Hi, I recently downloaded some data from the paper
http://www.nature.com/nbt/journal/v31/n11/full/nbt.2705.html . It is long RNA-seq read data. Average read length is about 1kb or so. Initially I ran using the following parameters with the hg19 genome that is provided on the STAR ftp site
../STAR --genomeDir ../hg19/hg19 --readFilesIn ../../../Documents/PacBio/emi22260.css.fastq --outFilterMatchNminOverLread .25 --outFilterMismatchNmax 100 --outFilterScoreMinOverLread .25
This caused a Segmentation fault (core dumped) error almost immediately after the mapping phase began.
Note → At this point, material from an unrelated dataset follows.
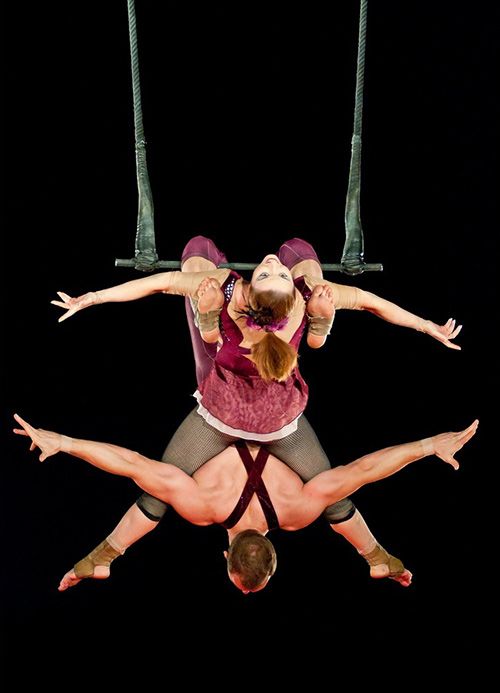two acrobats are performing a trapeze act. the female acrobat is upside down, her legs wrapped around the male acrobat's waist. the male acrobat is holding on to the trapeze bars with his hands and feet, while the female acrobat is holding on to the trapeze bars with her legs. they are both smiling and looking up at the audience. the background is a black curtain.  the performers are wearing red and black costumes.
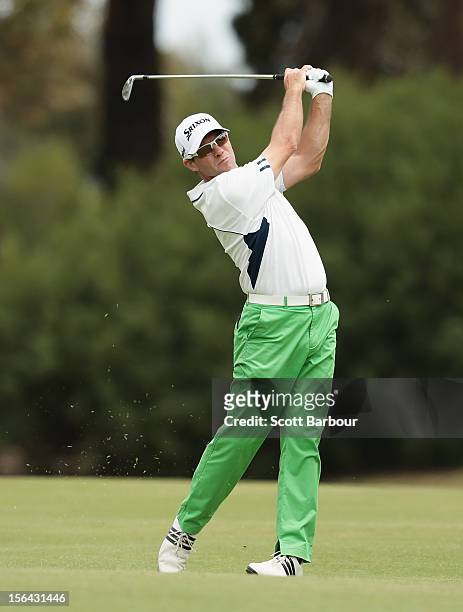 Andrew Tschudin of Queensland hits an approach shot during day one of the Australian Masters at Kingston Heath Golf Club on November 15, 2012 in...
Log file was empty aside from the header. I tried using default parameters
../STAR --genomeDir ../hg19/hg19 --readFilesIn ../../../Documents/PacBio/emi22260.css.fastq
and it ran a bit longer. The log file actually printed two lines, although nothing was printed in Aligned.out.sam
Jan 15 10:57:25 0.7 14653 1004 19.1% 772.9 0.6% 1.2% 0.0% 0.0% 78.7% 1.0%
Jan 15 10:58:26 0.8 29428 999 25.3% 777.9 0.5% 2.2% 0.0% 0.0% 71.6% 0.9%
It ended with the same error. Relatedly, the alignment rate is extremely low (in the paper they got 98% overall). Im guessing reads were hitting the max number of mismatches and being thrown out but Im not sure.
So my question is, what is the best way to use STAR when working with very long reads?